### Work task
The reply must contain exactly the lines below from the one with "a woman standing next to a green plant" down to the one with "Residents shop at", both included, and nothing more; please omit the pictures.

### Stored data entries

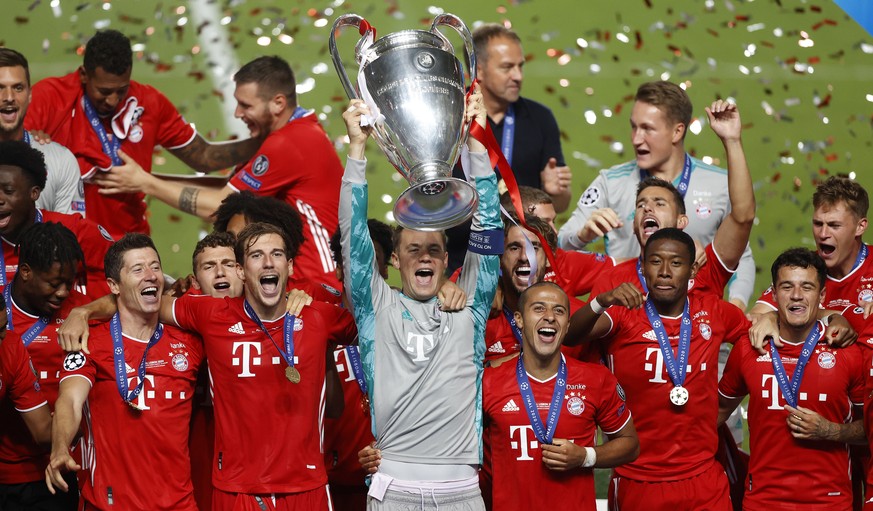 Bayern&#039;s goalkeeper Manuel Neuer lifts the trophy after Munich won the Champions League final soccer match between Paris Saint-Germain and Bayern Munich at the Luz stadium in Lisbon, Portugal, Su ...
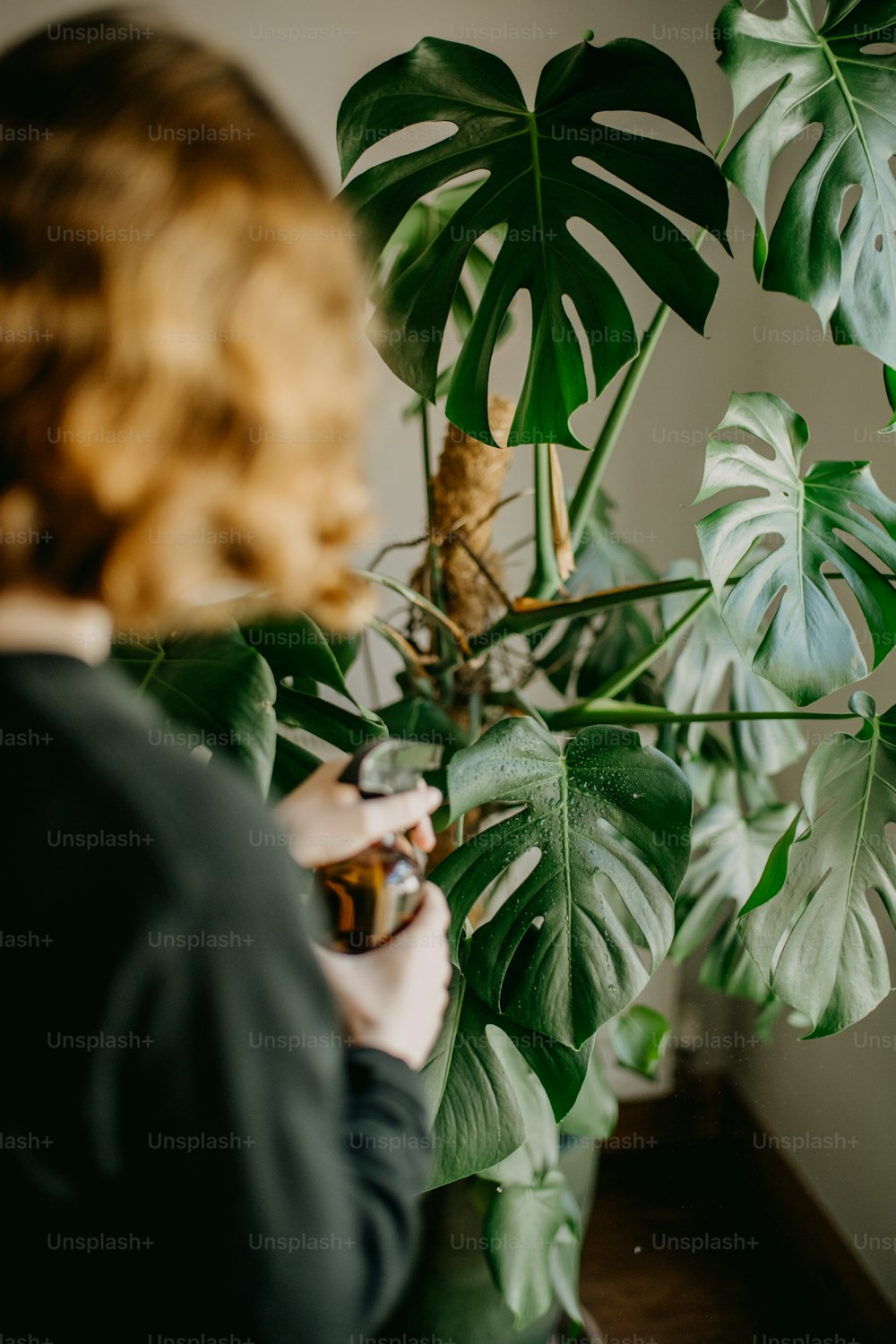 a woman standing next to a green plant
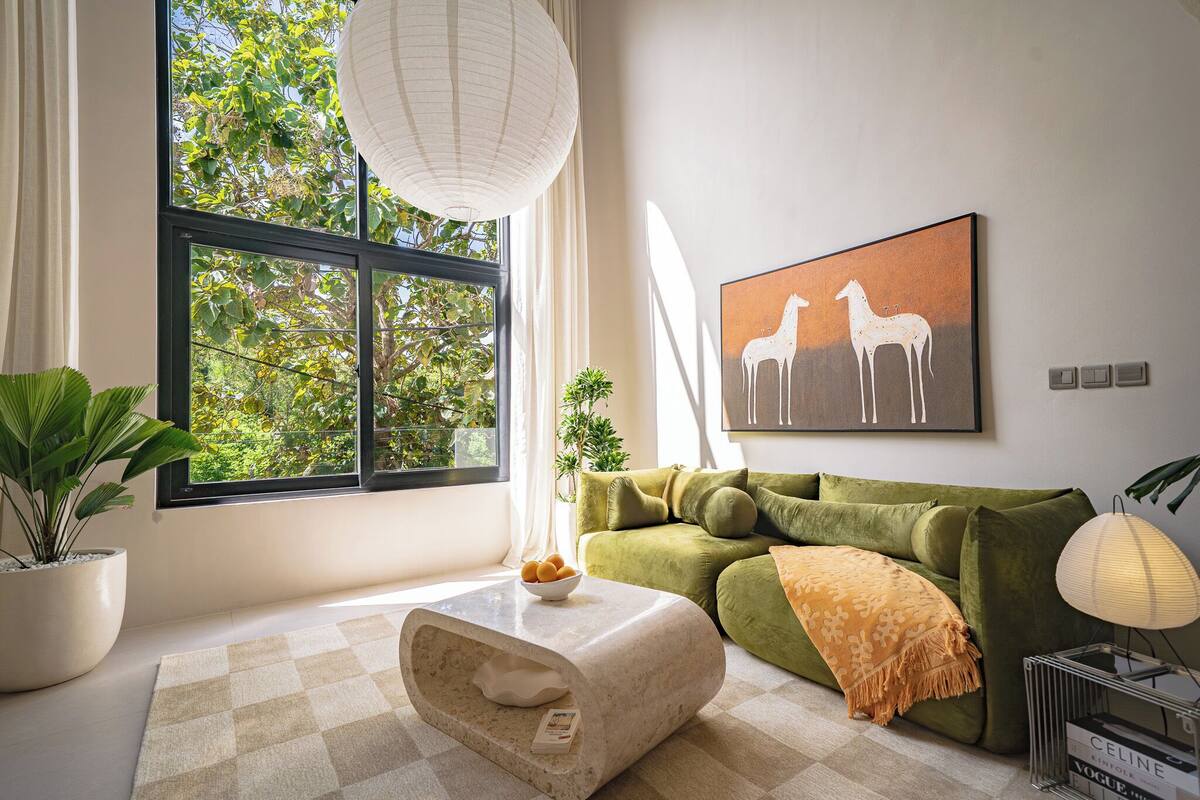 A modern living room with a green sofa, a white coffee table, a large window with a view of trees, and a painting of horses on the wall.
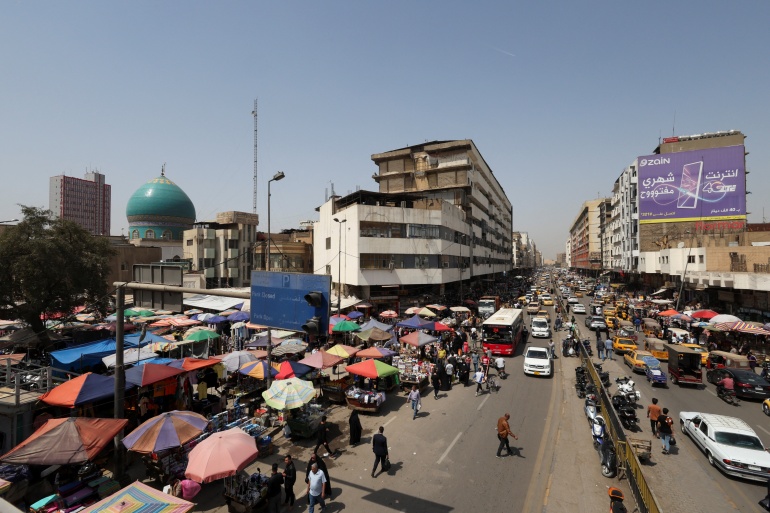 Residents shop at a wholesale market ahead of the holy fasting month of Ramadan in Baghdad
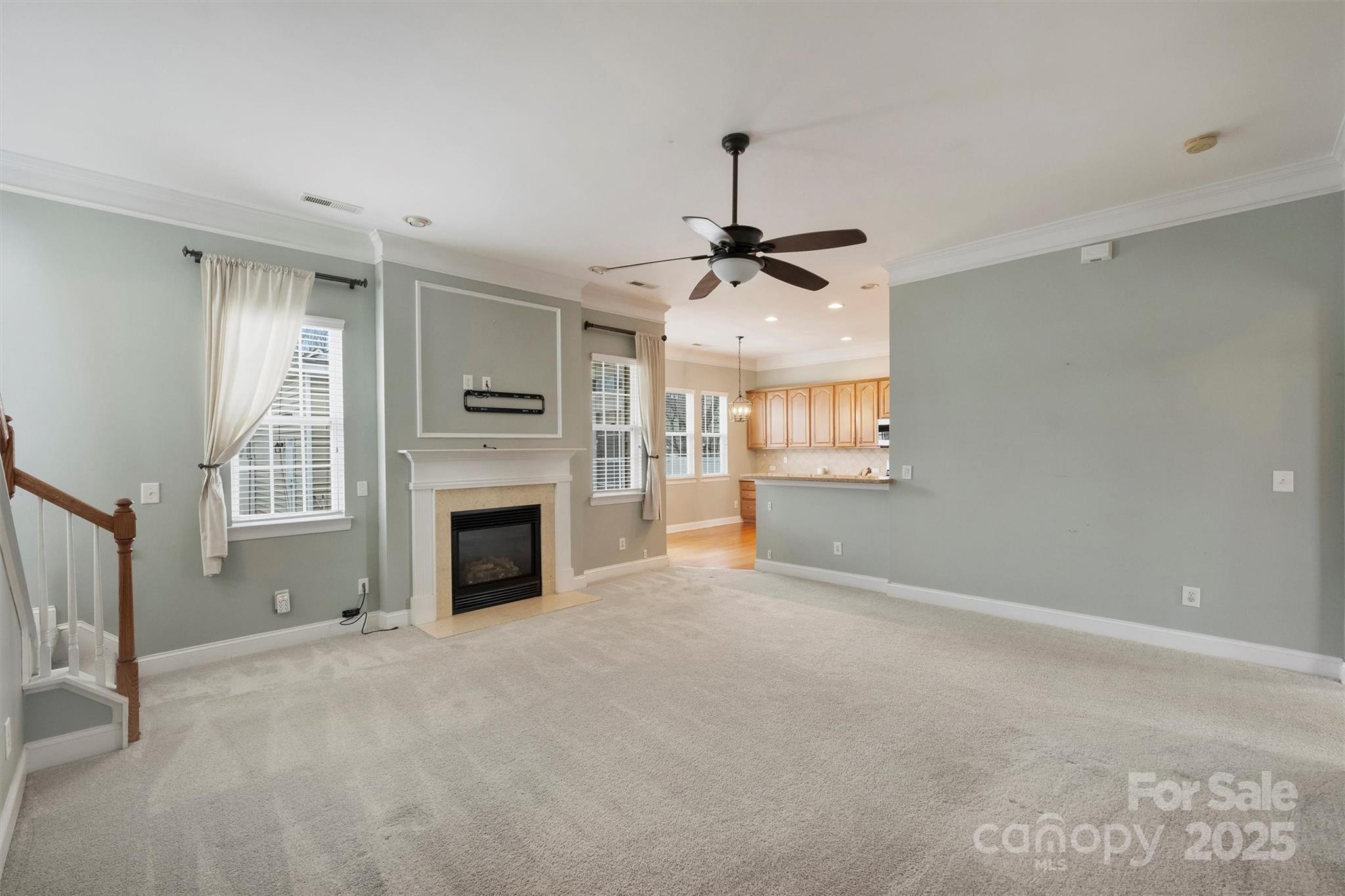 10513 Serape Road Charlotte, NC 28277 - Photo 14 of 45 a view of a livingroom with a fireplace and window
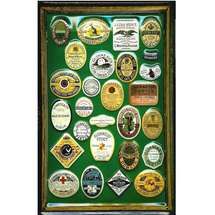 a green and gold framed display with many different badges on it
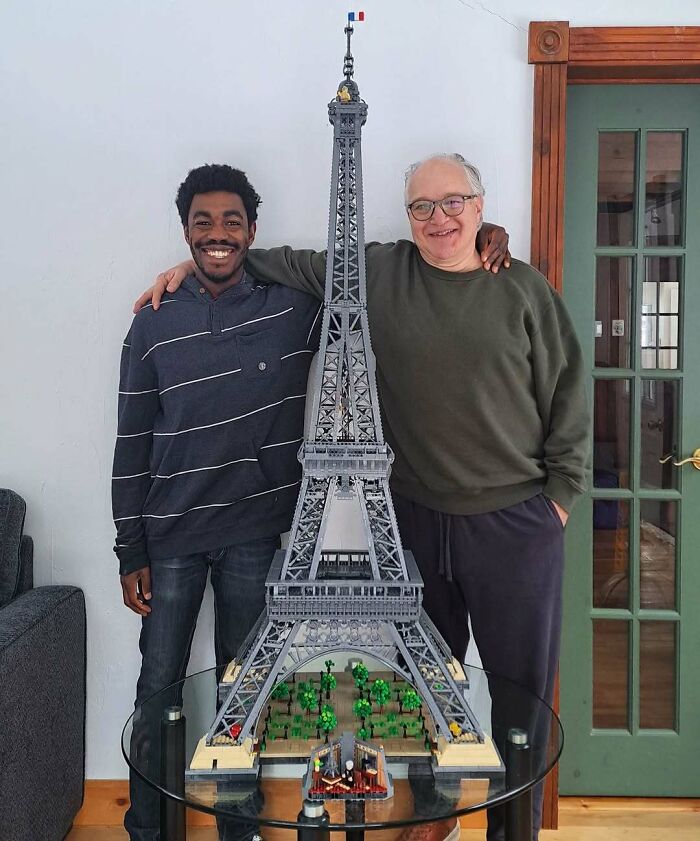 Two men smiling and posing with a detailed miniature Eiffel Tower model, capturing pure and uplifting moments.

### Final answer
 a woman standing next to a green plant
 A modern living room with a green sofa, a white coffee table, a large window with a view of trees, and a painting of horses on the wall.
 Residents shop at a wholesale market ahead of the holy fasting month of Ramadan in Baghdad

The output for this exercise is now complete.